Shelby Oaks (Chris Stuckmann)

Una perturbadora casa con las paredes llenas de humedades donde habita (cómo no) el mal, una celda repleta de inscripciones chungas y parafernalia demoníaca o un parque de atracciones abandonado a su suerte son algunos de los lugares comunes que componen el particular microcosmos de Shekby Oaks. Elige, de este modo, Chris Stuckmann bordear un territorio que no podría ser mayor declaración de intenciones, pero que de paso no podría hablar mejor sobre su honestidad a carta cabal, compuesta desde la mayoría de tropos y estereotipos que el debutante pone sobre la mesa.

Entre segmentos de ‹found footage› transcritos como si de un ‹true crime› bordeado por el sobrenatural se tratara, la típica investigación que no requiere espectadores demasiado despiertos —en caso de duda, Stuckmann realiza un sutil ‹zoom› sobre la parte de la imagen que desea destacar—, unas notas de truculencia por aquello de aderezar la cosa con algo más que ‹jump scares› predecibles y una querencia por los escenarios nocturnos que arrojen la inquietud que su (ausencia de) atmósfera no es capaz de dibujar, nos encontramos ante una pieza que tiene muy claro el ABC genérico al que juega, y así lo transmite en todo momento.

No hay lugar para complicaciones, extraños desvíos o discursivas adyacentes de ningún tipo. Aquello que Stuckmann desviste en su debut es puramente cine de género, sin cortar ni refinar. Otra cosa, claro está, es que el lenguaje que maneja el de Ohio sea lo suficientemente pulcro como lo requiere la situación en más de un momento. Lejos de todo ello, se advierten incluso tintes de lo que podría ser un producto televisivo, tanto en su faceta estructural/narrativa, como en la visual, que en ocasiones no termina por aprovechar algunos de los escenarios provistos.
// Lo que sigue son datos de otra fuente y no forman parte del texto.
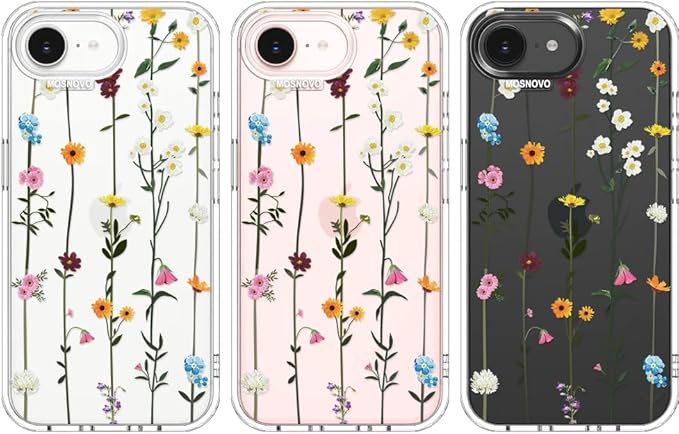 MOSNOVO for iPhone 17e Case/iPhone 16e Case, Shockproof Military-Grade Protection 6.6ft Drop Tested, Clear Phone Case for iPhone 16e / iPhone 17e, Wildflowers Design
Pero todo esto no es inconveniente en el momento de afrontar una cinta que triunfa donde otras se embarran. A fin de cuentas, la simplicidad con que el cineasta aborda Shelby Oaks, la agilidad y dinamismo que otros no lograrían imprimir a una narración tan efectiva como llano es lo que se quiere contar, concretan las posibilidades de un dispositivo eficiente a rabiar. Sí, quizá torpe en su planificación y ejecución, pero tan rebosante de brío en su construcción que uno apenas tiene tiempo para pensar en si el subidón de volumen a la vuelta de la esquina es una chapuza o un enérgico recurso más.

Que Stuckmann no esboce mínimamente una mitología de aquello que podría ser un universo sugerente, que los mecanismos de que dispone sean tan simples como lo sería el de un botijo o incluso que uno no tenga tiempo para preguntarse si la protagonista se está metiendo en la boca del lobo cuando resulta evidentísimo que así es, no son sino consecuencias de un producto que juega sus cartas de la forma más ingenua posible, pero que al mismo tiempo comprende su claridad expositiva como la más idónea de las herramientas desde la que llegar al punto deseado.

Es fácil, a resumidas cuentas, reconocer que no se está ante el enésimo triunfo del cine de terror (otro gallo cantaría si estuviese narrada desde la perspectiva de una de las ratas de la celda donde permaneció encerrado Wilson Miles): Stuckmann no inventa la pólvora, ni falta que le hace. Lo suyo es el pragmatismo, y si ello conlleva disfrutar (con los defectos e imperfecciones propios de una ópera prima) durante poco más de 90 minutos de un film como Shelby Oaks, bienvenido sea. Sobre todo, si en un último (y totalmente inesperado) giro de los acontecimientos nos regala dos escenas que son carne de ‹exploit› y festividad: nada como abrazar el cine de género en su más pura (y menos destilada) expresión.